Editorials

Pittsburgh Pirates contribute much to Manatee County, Bradenton

The Manatee County Tourist Development Council recommended $1 million for improvements to McKechnie Field at their meeting on Monday. The million-dollar recommendation comes after a $10 million renovation of the field completed in spring 2013, a $275,000 investment into Pirate City by the City of Bradenton in 2014 and a promise from this year’s state budget for $750,000 in improvements to Pirate City.
The Manatee County Tourist Development Council recommended $1 million for improvements to McKechnie Field at their meeting on Monday. The million-dollar recommendation comes after a $10 million renovation of the field completed in spring 2013, a $275,000 investment into Pirate City by the City of Bradenton in 2014 and a promise from this year’s state budget for $750,000 in improvements to Pirate City. gjefferies@bradenton.com

The Pittsburgh Pirates organization returns to the limelight this week with yet another project to improve the fan experience at McKechnie Field — a modern video board, a standard amenity at sports stadiums across the nation.
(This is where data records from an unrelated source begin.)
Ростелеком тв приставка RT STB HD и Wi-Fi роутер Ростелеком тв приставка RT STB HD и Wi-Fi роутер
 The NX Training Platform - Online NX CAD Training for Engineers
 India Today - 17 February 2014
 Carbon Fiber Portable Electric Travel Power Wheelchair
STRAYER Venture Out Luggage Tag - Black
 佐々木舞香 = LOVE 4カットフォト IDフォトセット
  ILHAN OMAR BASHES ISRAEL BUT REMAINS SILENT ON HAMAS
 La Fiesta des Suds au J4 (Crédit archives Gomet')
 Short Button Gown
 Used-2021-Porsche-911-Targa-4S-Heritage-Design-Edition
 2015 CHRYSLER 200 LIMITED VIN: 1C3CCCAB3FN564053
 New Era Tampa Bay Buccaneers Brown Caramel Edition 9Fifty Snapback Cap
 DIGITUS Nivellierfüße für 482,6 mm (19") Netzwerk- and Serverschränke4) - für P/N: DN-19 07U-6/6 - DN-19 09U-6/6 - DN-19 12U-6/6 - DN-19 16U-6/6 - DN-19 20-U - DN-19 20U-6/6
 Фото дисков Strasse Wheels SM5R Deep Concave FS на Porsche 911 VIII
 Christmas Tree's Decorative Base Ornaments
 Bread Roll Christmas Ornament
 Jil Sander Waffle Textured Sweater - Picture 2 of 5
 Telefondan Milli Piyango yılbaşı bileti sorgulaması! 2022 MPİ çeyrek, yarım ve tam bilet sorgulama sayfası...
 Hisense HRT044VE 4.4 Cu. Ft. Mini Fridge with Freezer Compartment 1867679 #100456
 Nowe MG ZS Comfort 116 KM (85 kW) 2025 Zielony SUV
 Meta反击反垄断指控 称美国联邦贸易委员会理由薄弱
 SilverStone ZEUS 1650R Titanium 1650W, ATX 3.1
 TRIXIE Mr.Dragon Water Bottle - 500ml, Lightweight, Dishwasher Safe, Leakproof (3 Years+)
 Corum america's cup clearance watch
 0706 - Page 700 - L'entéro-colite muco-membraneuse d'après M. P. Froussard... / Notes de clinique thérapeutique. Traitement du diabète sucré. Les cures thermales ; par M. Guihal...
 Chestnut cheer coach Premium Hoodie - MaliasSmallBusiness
The Manatee County Tourist Development Council is recommending county commissioners approve spending up to $1 million to help the Pirates buy the board, currently using a veritable antique message board.

This is a fully justifiable expenditure given the value the organization brings to Bradenton and Manatee County. The state, the county and the city have heavy investments in the team’s facilities here. The reason is simple — the annual multimillion dollar economic return on those investments.

Should commissioners approve this on July 26 — which seems inevitable — tourist tax dollars would be spent on the project. Florida Statute 125.0104 requires tourism revenue — also known as the bed tax, short-term rental tax and resort tax — go toward the promotion of tourism, beach renourishment and the “construction, reconstruction, or renovation of a professional sports franchise facility, or the acquisition, construction, reconstruction, or renovation of a retained spring training franchise facility ...”

That revenue cannot be transferred into a government general fund, though that is a common misunderstanding.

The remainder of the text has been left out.